The beautiful landscapes of Chile are best absorbed when traveling leisurely. World Travel Magazine takes you on a trip to enchanting lakes, islands, virgin forests and the rugged mountains of Southern Andes.
Situated at the southern end of the Chilean Central Valley, Puerto Montt is a gateway city leading to various expanses of natural beauty that Chile has to offer. Puerto Montt is a working port that has made little if any concession to the tourist industry, the town has bigger fish to fry – namely salmon. It is a starting point for those traveling further south to the Carretera Austral and beyond. Nevertheless, it is well worth looking at the quayside and fish market at Angelmó.
Where to stay
There are no luxury places to stay in Puerto Montt. Tourists normally overnight in Puerto Montt if they have an early morning flight to take next day. Most tourists continue to Puerto Varas by road which is only a 30 minute drive away as the location is more picturesque and the accommodation is of a higher standard.
What to eat It will probably be best to eat at a hotel or head to Puerto Varas.
How to get there Fly via Madrid, Spain and Santiago, Chile’s capital.
Puerto Varas is set amid lush, green, rolling countryside on the shores of Lake Llanquihue 20 km north of Puerto Montt. Puerto Varas was colonized by the Germans at the turn of the 20th century and its architecture and sedate style reflects this, but it is now a fast-growing tourist resort. The town’s main attraction is an alpine green lake framed by tree-clad hills and beyond, one of the most perfectly shaped snow-capped volcanoes in the world – Osorno. If you’re lucky enough to be in Puerto Varas on a clear and still evening, the sunsets over Osorno’s snowy mantle can be magical, best appreciated from the lakeshore promenade or one of several hotels which offer fabulous lake views.
An hour’s drive via Puerto Montt to the modern port of Pargua for the ferry ride through the Chacao Channel to the emerald isle of Chiloé is an interesting trip. On arrival, it’s a short drive to the pretty seaside village of Ancud, a lively fishing port that also has the distinction of being the Spanish Crown’s last possession in South America. Here you can view the museum and the fortress of San Antonio, where the treaty was signed for the withdrawal of the Spanish from Latin America. Then head to Huaihuén Hill with its sweeping views of the Pacific Ocean. Travel inland through a landscape of valleys and precipitous mountains to Dalcahue, a port serving boats from nearby small islands. Visit its traditional handicraft fair, which sells reasonably priced woolen garments.

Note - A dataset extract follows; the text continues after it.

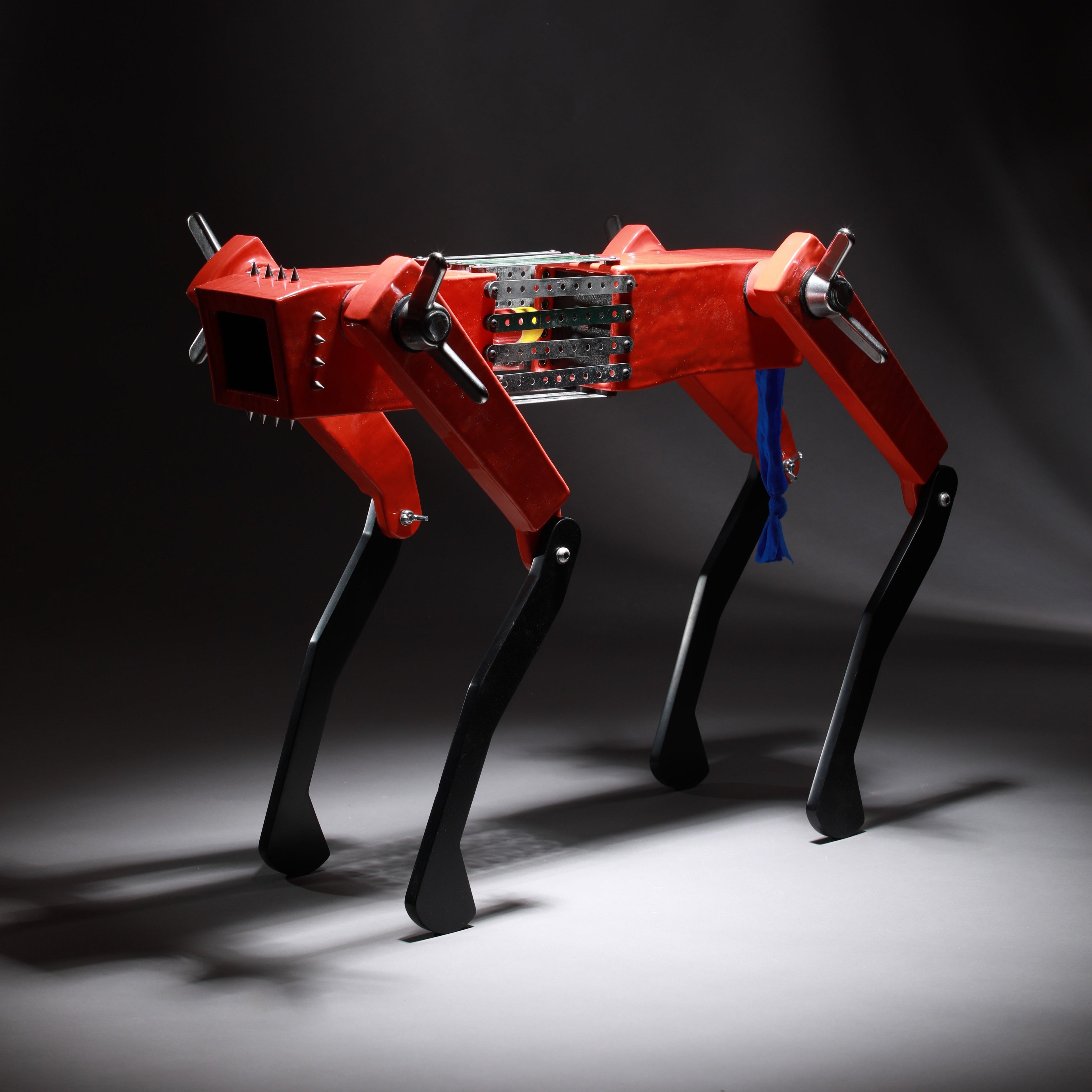 Black Dog (Red)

Next stop is Castro, Chile’s third oldest city. Its waterfront is fringed with colourful, wooden shacks on stilts called palafitos where seafood caught fresh from the fjord’s icy waters is transformed into simple but delicious dishes. Other highlights include the church of San Francisco with its wooden vaulted interior and the covered market, selling everything from hand-knitted woolens to squid, king crabs and vegetables.
Formed by a lava flow of volcanic rock and set amongst a thousand-year-old forest, the Petrohue falls make an impressive site. Sheltered from the wind, the lake at the hamlet of Petrohue is warm and the beaches sandy, factors that help make it a popular location for swimming and fishing.
Drive along the edge of Lake Llanquihue, skirting Calbuco Volcano before entering the Vicente Pérez Rosales National Park. On reaching the waterfalls on Petrohué River and Todos los Santos Lake, a catamaran takes you across the lake; its emerald waters fringed by forested hills occasionally broken by small clearings and spectacular waterfalls cascading down from snow capped volcanoes. The crossing takes just under two hours. One arrives at the small mountain town of Peulla situated on the eastern shore.